Alick Rowe was one of the most distinguished alumni of Hereford Cathedral School who left as the self-styled ‘Lord High Everything’ then returned, via Cambridge, as a teacher before his writing took him to the top.
Mr Rowe died in Asia on October 30 and post-mortem tests have been carried out. It is thought he suffered a heart attack soon after returning from an engagement to his apartment in Chiang Mai.
Brought up in Hereford, Mr Rowe spent his formative years at what is now the Commercial pub where he said his childhood imagination was first stirred by watching the “comings and goings” on Commercial Road.
It was at the Cathedral School that Mr Rowe first made his mark as captain of school, captain of rugby, senior under officer of the CCF, leading actor and president of six societies.
Within a few years, he was back at HCS with a newly acquired teaching qualification to take English classes and head the drama department.

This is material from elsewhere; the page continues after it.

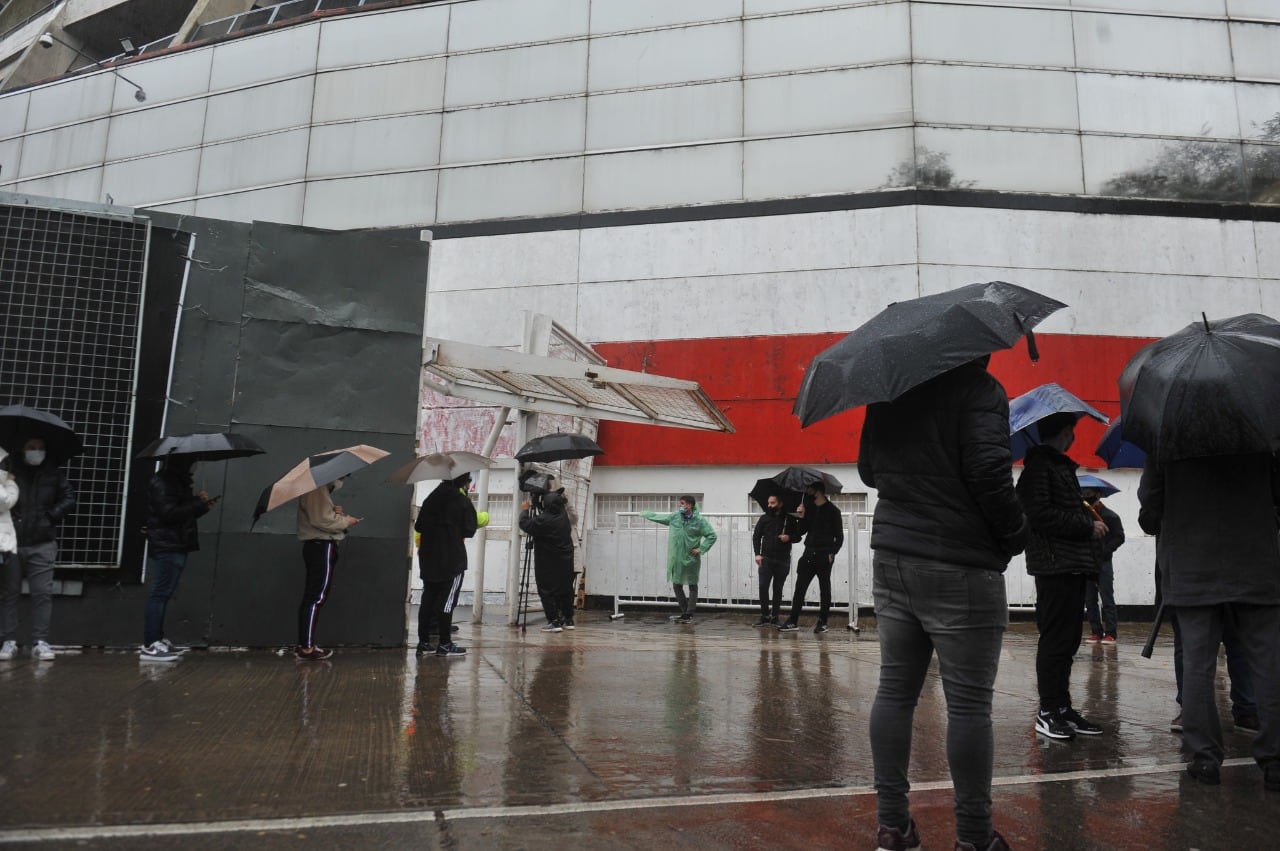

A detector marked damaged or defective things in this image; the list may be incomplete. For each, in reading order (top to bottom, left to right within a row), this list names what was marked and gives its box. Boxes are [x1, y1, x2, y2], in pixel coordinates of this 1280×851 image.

broken canopy structure [424, 322, 737, 621]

But the talent obvious in his spare time authorship was enough to inspire a permanent and prolific career move that put him in the top rank of Britain’s TV and radio writers with a BAFTA award win in 1992.
Seven years later, Mr Rowe was jailed for 12 months amid intense publicity, having admitted child indecency charges.
Mr Rowe continued to work on his writing on his release. He was living in Thailand at the time of his death.